Clustering

The principle of clustering is to gether similar data points among groups. Given a set \(X = \{x_1, \ldots, x_N\}\) of \(N\) points in \(\mathbb{R}^d\), the goal is to find a partition (cluster) \(C_1, \ldots, C_K \subseteq X\) which somehow group similar points.

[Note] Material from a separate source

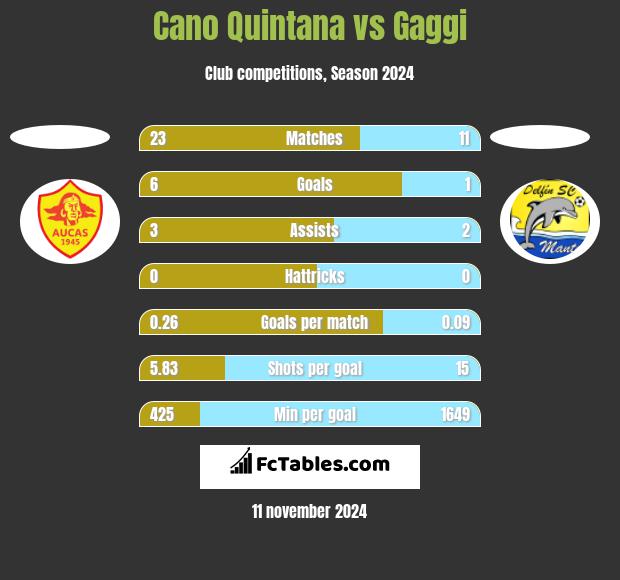 Cano Quintana vs Gaggi h2h player stats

There are several ways to cluster in one way or another depending on how you want to define similarity and also how is your dataset. For instance

Perspecified Cluster: or basic classification of data. For instance partition companies in different categories (banking, insurance, construction, etc.). Those categories are pre given, the only action is to allocate each point to the closest category. This is not really what people understand under clustering as the cluster itself should be derived rather than given.
Hierarchical Clustering: Build a hierarchy of clusters from coarse to fine, similar to a tree.
Centroid Clustering: Cluster data according to geometry and distance.
etc.

In the following we concentrate on a simple but prominent clustering method involving grouping points according to within distance in a group. Similarity between points is defined in terms of a (pseudo) distance \(d(x,y)\). The clustering aims to find an optimal cluster \(C_1^\ast, \ldots, C_K^\ast\) such that

\[ \begin{equation} \sum_{k=1}^K \frac{1}{\# C^\ast_k}\sum_{x, y \in C_k^\ast} d(x, y) \leq \sum_{k=1}^K \frac{1}{\# C_k}\sum_{x, y \in C_k} d(x, y) \end{equation} \]

for any other cluster \(C_1, \ldots, C_K\).

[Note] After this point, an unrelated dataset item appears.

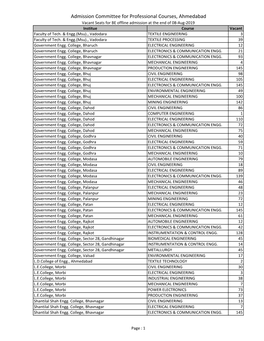 Admission Committee for Professional Courses, Ahmedabad Vacant Seats for BE Offline Admission at the End of 08-Aug-2019 Institue Course Vacant Faculty of Tech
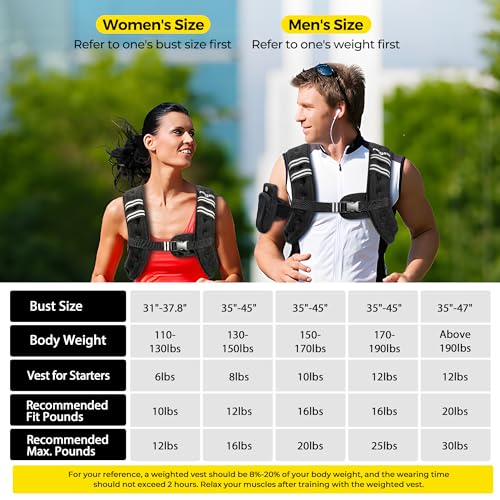 Weighted Vest 4-10lb/12lb Weight Vest with Reflective Stripe, Body Weight Vests Adjustable for Men, Women Workout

We denote by \(\mathfrak{C}\) the set of all clusters (or partitions) \(\mathcal{C} = \{C_1, \ldots, C_K\}\) of \(X\) in \(K\) elements and define

\[ \begin{equation*} F(\mathcal{C}) = \sum_{C \in \mathcal{C}} \frac{1}{\# C}\sum_{x, y \in C} d(x, y) \end{equation*} \]

Clustering can therefore be reformulated into an optimization problem

\[ \begin{equation*} \mathcal{C}^\ast = (C_1^\ast, \ldots, C_K^\ast) = \mathrm{argmin}\left\{F(\mathcal{C})\colon \mathcal{C} \in \mathfrak{C}\right\} \end{equation*} \]

Computing \(F\) for a given cluster \(\mathcal{C}\) is relatively fast as long as the distance is quick to compute. However, the optimization problem itself is very difficult. Indeed, it is a minimization problem on a set \(\mathfrak{C}\) which does not have a suitable topology to define derivatives, for instance. Hence, the only a priory way is a brute force optimization, that is, running through every possible partition. It is however not suitable since the cardinality of \(\mathfrak{C}\) is gigantic. It corresponds to the stirling number of the second kind \({ N \brace K}\):

\[ \begin{equation*} \#\mathfrak{C} := {N\brace K} = \sum_{k=0}^K \frac{(-1)^{K-k} k^N}{(K-k)!k!} \sim_{N\to \infty} \frac{K^N}{K!} \end{equation*} \]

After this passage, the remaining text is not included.